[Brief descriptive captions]
>>>

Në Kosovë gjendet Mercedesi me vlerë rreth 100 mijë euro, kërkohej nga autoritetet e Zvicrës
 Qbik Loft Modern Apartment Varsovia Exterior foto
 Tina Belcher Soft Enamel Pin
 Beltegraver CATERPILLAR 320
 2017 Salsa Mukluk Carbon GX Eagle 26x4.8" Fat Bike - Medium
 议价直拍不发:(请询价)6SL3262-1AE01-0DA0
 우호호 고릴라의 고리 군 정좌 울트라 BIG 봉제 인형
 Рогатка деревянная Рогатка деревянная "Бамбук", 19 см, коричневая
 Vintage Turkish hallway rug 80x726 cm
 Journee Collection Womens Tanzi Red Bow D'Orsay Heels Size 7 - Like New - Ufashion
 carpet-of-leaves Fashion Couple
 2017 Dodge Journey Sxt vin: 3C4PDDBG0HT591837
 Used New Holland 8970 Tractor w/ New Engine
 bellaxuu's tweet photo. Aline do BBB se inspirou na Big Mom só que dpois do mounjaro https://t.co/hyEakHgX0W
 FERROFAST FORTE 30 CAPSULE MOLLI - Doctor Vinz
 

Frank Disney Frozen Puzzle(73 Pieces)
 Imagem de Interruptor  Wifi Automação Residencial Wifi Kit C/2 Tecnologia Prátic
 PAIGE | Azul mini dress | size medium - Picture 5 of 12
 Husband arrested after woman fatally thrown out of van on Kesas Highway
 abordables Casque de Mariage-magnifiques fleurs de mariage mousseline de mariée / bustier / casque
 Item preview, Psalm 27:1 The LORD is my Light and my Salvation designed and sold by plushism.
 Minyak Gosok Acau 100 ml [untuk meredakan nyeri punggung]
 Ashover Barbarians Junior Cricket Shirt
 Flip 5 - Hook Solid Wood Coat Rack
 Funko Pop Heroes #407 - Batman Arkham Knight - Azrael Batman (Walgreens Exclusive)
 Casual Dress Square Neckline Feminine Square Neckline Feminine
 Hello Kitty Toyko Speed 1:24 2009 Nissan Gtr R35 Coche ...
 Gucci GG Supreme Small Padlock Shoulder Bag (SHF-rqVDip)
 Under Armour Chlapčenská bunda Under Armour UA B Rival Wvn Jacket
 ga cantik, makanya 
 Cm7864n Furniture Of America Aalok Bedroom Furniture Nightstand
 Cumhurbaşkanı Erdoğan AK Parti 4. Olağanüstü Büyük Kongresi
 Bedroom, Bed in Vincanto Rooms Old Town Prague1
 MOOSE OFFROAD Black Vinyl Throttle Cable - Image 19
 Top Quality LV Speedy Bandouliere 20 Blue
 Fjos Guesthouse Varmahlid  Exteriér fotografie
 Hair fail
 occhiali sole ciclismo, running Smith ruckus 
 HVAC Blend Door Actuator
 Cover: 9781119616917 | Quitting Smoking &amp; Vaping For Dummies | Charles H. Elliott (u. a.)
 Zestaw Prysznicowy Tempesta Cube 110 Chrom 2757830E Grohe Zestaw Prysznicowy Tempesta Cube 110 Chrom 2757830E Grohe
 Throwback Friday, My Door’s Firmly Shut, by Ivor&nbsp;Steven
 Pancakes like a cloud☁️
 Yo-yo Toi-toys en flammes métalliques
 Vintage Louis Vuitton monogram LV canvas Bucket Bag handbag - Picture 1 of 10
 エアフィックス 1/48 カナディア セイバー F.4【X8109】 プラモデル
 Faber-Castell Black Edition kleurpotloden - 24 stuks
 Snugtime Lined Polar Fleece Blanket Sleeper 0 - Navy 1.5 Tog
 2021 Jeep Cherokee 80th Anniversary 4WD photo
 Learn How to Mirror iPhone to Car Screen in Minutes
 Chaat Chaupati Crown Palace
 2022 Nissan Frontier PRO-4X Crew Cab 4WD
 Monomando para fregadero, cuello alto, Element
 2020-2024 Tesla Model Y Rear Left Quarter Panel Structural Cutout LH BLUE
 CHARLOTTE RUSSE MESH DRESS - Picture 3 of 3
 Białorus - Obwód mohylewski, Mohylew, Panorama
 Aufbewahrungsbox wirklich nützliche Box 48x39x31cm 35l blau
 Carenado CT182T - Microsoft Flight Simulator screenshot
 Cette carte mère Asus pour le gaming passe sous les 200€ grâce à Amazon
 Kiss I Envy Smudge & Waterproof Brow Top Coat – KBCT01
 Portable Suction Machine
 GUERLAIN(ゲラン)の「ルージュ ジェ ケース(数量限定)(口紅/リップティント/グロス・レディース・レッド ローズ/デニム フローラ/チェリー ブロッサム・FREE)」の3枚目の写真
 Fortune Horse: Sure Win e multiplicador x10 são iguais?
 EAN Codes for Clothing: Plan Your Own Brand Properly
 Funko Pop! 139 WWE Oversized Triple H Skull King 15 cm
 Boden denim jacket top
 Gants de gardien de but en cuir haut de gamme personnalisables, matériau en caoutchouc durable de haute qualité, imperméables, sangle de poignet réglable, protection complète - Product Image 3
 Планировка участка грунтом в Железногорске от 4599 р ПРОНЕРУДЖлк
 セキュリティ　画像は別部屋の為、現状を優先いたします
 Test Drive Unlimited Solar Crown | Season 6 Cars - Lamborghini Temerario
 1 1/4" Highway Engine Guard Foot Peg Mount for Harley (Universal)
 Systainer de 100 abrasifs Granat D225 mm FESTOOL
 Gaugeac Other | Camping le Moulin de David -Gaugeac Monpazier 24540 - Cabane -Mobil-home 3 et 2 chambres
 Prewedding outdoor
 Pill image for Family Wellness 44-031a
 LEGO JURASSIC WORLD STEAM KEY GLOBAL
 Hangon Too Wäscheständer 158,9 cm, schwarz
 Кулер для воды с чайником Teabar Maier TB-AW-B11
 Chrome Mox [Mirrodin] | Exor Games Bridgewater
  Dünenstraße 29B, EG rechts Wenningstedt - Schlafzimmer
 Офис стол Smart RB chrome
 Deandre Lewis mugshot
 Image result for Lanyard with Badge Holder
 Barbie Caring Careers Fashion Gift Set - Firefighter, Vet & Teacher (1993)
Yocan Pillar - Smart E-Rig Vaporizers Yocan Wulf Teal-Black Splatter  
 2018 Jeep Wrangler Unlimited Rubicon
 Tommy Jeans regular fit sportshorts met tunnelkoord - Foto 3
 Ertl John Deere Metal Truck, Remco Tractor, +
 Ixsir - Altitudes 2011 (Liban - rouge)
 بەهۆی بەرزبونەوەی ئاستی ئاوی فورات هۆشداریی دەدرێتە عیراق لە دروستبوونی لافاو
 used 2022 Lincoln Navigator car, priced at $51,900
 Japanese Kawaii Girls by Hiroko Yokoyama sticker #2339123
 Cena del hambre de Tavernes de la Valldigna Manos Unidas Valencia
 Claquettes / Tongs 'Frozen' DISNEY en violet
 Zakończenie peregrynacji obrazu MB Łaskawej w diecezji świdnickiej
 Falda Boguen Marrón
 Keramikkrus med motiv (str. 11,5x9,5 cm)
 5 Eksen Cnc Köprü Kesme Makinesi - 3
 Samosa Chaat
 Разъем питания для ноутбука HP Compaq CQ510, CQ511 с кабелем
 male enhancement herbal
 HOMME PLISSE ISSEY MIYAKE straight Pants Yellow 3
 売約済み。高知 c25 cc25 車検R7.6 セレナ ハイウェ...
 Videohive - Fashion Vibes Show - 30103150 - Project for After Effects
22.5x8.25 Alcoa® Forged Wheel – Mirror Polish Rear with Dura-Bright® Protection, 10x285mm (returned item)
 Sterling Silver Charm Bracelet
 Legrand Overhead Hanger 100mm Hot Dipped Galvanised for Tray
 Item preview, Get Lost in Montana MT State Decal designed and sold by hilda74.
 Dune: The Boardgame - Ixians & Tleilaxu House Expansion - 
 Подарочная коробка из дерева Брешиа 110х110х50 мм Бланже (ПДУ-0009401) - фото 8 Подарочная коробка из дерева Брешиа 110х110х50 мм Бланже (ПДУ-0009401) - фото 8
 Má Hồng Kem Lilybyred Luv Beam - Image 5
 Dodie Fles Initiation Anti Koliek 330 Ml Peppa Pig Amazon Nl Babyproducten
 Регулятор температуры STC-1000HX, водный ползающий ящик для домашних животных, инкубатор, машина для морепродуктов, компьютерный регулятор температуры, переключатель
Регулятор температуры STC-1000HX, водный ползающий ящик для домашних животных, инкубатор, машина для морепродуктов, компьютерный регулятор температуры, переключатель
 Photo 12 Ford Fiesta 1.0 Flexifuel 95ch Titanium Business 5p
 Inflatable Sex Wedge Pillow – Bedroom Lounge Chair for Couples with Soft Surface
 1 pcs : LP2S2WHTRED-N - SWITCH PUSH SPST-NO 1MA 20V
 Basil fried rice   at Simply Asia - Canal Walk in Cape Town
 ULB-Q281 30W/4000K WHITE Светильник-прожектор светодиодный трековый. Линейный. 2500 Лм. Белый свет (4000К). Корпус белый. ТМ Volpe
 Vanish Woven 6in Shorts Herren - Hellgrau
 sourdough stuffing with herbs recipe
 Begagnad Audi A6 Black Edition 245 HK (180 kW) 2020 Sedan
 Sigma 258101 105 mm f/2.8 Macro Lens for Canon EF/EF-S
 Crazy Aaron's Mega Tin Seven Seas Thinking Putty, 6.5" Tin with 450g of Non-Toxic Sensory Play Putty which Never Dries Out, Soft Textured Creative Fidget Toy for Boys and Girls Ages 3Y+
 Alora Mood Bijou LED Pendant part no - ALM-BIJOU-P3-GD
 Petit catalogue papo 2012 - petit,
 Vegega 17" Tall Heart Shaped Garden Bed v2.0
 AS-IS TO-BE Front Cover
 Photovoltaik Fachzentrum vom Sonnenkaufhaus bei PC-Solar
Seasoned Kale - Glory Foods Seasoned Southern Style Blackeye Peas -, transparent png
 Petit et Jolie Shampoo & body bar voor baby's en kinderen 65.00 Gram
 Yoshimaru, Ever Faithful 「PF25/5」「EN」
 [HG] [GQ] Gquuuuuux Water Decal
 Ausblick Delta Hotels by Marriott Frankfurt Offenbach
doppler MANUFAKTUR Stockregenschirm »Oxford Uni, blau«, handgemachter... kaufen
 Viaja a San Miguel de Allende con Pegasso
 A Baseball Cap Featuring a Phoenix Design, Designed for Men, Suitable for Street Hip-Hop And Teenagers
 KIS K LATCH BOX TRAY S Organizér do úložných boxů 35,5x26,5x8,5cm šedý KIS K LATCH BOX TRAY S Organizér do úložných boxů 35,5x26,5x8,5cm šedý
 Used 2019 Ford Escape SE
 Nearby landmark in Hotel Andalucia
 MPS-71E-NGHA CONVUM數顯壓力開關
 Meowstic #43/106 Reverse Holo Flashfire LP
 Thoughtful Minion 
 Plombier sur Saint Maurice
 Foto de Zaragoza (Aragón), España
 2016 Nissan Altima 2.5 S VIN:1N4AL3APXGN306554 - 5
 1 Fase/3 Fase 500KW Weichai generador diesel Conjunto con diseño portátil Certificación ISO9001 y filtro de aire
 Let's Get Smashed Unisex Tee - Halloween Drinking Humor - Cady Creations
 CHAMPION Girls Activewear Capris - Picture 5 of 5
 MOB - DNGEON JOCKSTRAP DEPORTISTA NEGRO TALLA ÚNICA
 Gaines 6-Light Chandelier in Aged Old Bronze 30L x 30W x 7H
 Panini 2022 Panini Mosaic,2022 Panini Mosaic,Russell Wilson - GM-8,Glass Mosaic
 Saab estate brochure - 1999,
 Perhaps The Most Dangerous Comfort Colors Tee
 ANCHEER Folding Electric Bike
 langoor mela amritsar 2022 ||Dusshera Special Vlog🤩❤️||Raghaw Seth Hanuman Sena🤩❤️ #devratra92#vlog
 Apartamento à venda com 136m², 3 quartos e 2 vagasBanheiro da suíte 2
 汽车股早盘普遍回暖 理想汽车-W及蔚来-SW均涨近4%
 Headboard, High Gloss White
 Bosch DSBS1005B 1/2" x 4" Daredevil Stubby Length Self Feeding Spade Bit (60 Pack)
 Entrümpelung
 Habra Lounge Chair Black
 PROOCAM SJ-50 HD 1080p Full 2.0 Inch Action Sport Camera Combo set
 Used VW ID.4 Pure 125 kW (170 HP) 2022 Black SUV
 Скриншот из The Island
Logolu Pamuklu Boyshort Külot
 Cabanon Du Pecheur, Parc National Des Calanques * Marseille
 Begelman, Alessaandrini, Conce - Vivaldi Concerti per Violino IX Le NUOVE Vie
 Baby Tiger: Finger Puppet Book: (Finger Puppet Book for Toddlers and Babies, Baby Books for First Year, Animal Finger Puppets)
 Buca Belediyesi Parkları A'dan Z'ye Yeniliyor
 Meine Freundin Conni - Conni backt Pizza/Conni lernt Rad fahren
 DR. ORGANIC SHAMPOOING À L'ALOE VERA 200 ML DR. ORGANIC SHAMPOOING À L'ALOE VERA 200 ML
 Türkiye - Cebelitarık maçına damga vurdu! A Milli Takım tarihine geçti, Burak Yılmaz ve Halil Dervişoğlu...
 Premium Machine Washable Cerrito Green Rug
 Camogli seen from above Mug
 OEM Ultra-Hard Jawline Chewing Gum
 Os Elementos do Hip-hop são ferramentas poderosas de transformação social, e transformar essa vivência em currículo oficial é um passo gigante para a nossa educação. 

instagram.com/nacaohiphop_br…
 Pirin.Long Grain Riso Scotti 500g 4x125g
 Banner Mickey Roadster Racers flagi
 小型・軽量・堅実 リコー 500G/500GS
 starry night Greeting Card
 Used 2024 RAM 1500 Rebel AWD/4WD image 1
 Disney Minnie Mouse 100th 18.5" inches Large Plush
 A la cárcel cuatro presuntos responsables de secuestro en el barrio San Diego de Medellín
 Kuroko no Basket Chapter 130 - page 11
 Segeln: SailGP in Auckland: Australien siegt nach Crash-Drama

<<<

**Work request:**
Take the entries above and return only the lines from the one with "GUERLAIN(ゲラン)の「ルージュ ジェ ケース(数量限定)(口紅/リップティント/グロス・レディース・レッド" to the one with "Zakończenie peregrynacji obrazu", both included, unchanged.

**Response:**
 GUERLAIN(ゲラン)の「ルージュ ジェ ケース(数量限定)(口紅/リップティント/グロス・レディース・レッド ローズ/デニム フローラ/チェリー ブロッサム・FREE)」の3枚目の写真
 Fortune Horse: Sure Win e multiplicador x10 são iguais?
 EAN Codes for Clothing: Plan Your Own Brand Properly
 Funko Pop! 139 WWE Oversized Triple H Skull King 15 cm
 Boden denim jacket top
 Gants de gardien de but en cuir haut de gamme personnalisables, matériau en caoutchouc durable de haute qualité, imperméables, sangle de poignet réglable, protection complète - Product Image 3
 Планировка участка грунтом в Железногорске от 4599 р ПРОНЕРУДЖлк
 セキュリティ　画像は別部屋の為、現状を優先いたします
 Test Drive Unlimited Solar Crown | Season 6 Cars - Lamborghini Temerario
 1 1/4" Highway Engine Guard Foot Peg Mount for Harley (Universal)
 Systainer de 100 abrasifs Granat D225 mm FESTOOL
 Gaugeac Other | Camping le Moulin de David -Gaugeac Monpazier 24540 - Cabane -Mobil-home 3 et 2 chambres
 Prewedding outdoor
 Pill image for Family Wellness 44-031a
 LEGO JURASSIC WORLD STEAM KEY GLOBAL
 Hangon Too Wäscheständer 158,9 cm, schwarz
 Кулер для воды с чайником Teabar Maier TB-AW-B11
 Chrome Mox [Mirrodin] | Exor Games Bridgewater
  Dünenstraße 29B, EG rechts Wenningstedt - Schlafzimmer
 Офис стол Smart RB chrome
 Deandre Lewis mugshot
 Image result for Lanyard with Badge Holder
 Barbie Caring Careers Fashion Gift Set - Firefighter, Vet & Teacher (1993)
Yocan Pillar - Smart E-Rig Vaporizers Yocan Wulf Teal-Black Splatter  
 2018 Jeep Wrangler Unlimited Rubicon
 Tommy Jeans regular fit sportshorts met tunnelkoord - Foto 3
 Ertl John Deere Metal Truck, Remco Tractor, +
 Ixsir - Altitudes 2011 (Liban - rouge)
 بەهۆی بەرزبونەوەی ئاستی ئاوی فورات هۆشداریی دەدرێتە عیراق لە دروستبوونی لافاو
 used 2022 Lincoln Navigator car, priced at $51,900
 Japanese Kawaii Girls by Hiroko Yokoyama sticker #2339123
 Cena del hambre de Tavernes de la Valldigna Manos Unidas Valencia
 Claquettes / Tongs 'Frozen' DISNEY en violet
 Zakończenie peregrynacji obrazu MB Łaskawej w diecezji świdnickiej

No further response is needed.